La vergüenza
La imagen, un hombre joven que sostiene un telefonito de los más viejos (con pantalla naranja, sin tapita, y ni soñar con cámara, mp3, bluetooth, etc.) provoca, interpela y asusta. “¿Tu celu te da vergüenza?”, pregunta el texto en una tipografía cool que algún diseñador seleccionó con premeditación y alevosía. La cabeza del chico está cubierta por una bolsa de papel marrón.
La historia de este país nos enseña que una capucha es algo más que la “pieza puntiaguda que llevan algunas prendas de vestir en la parte superior de la espalda”. Y si no lo hemos aprendido ya, deberíamos hacerlo pronto.
Apelar a la foto de una cabeza cubierta para vender algo en la Argentina modelo 2008 puede ser dos cosas igualmente preocupantes: una repugnante provocación o la desmemoria punzante que duele y ocupa más lugar –vacío– que el recuerdo.
La vía pública, espacio ciudadano si los hay, es un ámbito para circular libremente. Atrás quedaron, por suerte, y tras mucho sudor y sangre, los tiempos donde la calle no era de todos porque la mano dura de las fuerzas represivas hacía desaparecer cuerpos, ideas y proyectos.
La publicidad que invade nuestras veredas y contamina el entorno visual que arma el telón de fondo de nuestra vida, es el nuevo enemigo silencioso. En democracia, la dictadura del consumo esgrime mecanismos más sutiles pero de igual potencia ideológica.
Con la cabeza tapada es imposible ver la pantalla del teléfono, que viejo o nuevo, puede de igual manera comunicarnos o perdernos en el aislamiento del que escribe un mensaje de texto y se choca con los otros transeúntes.

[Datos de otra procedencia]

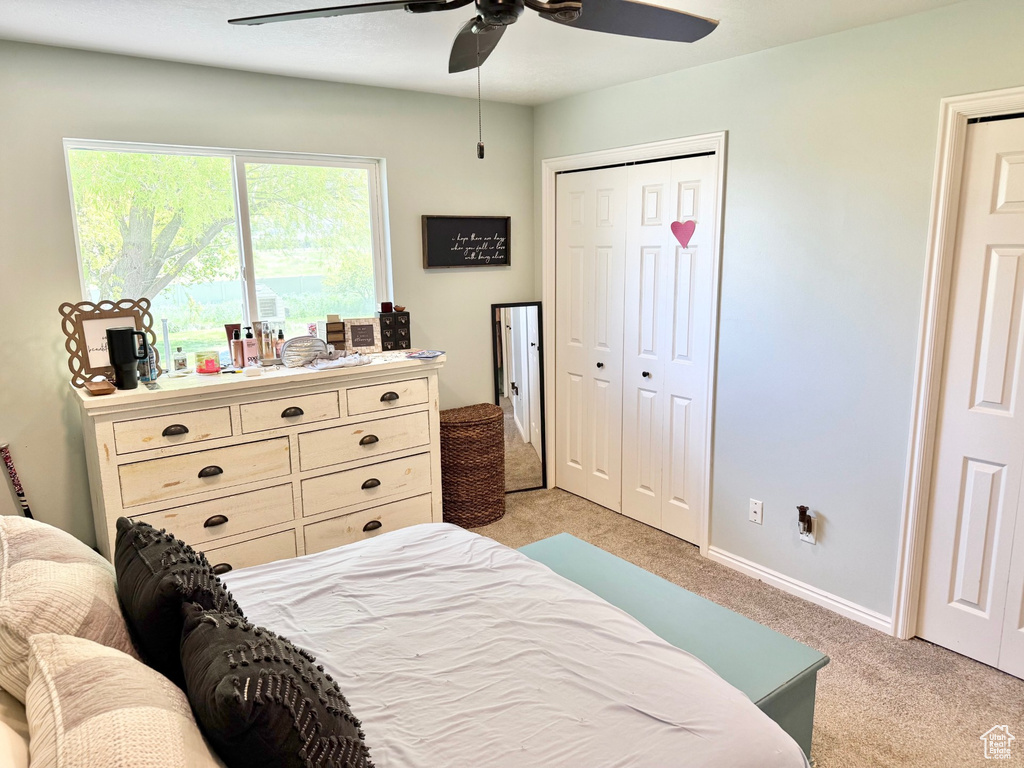 Bedroom featuring light carpet and a ceiling fan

Y, peor aún, puede perderse uno de ver el mundo y los ojos de los otros, esa pantalla que muestra más que ninguna otra.
Quizás algunos se identifiquen con aquel afiche. Sospecho que son unos cuantos. A mi lo que me da vergüenza no es mi celu, sino una publicidad como ésta. Pero no voy a taparme la cabeza ni dejar que nadie me la tape. En cambio, voy a abrir los ojos, y mirarla a la cara.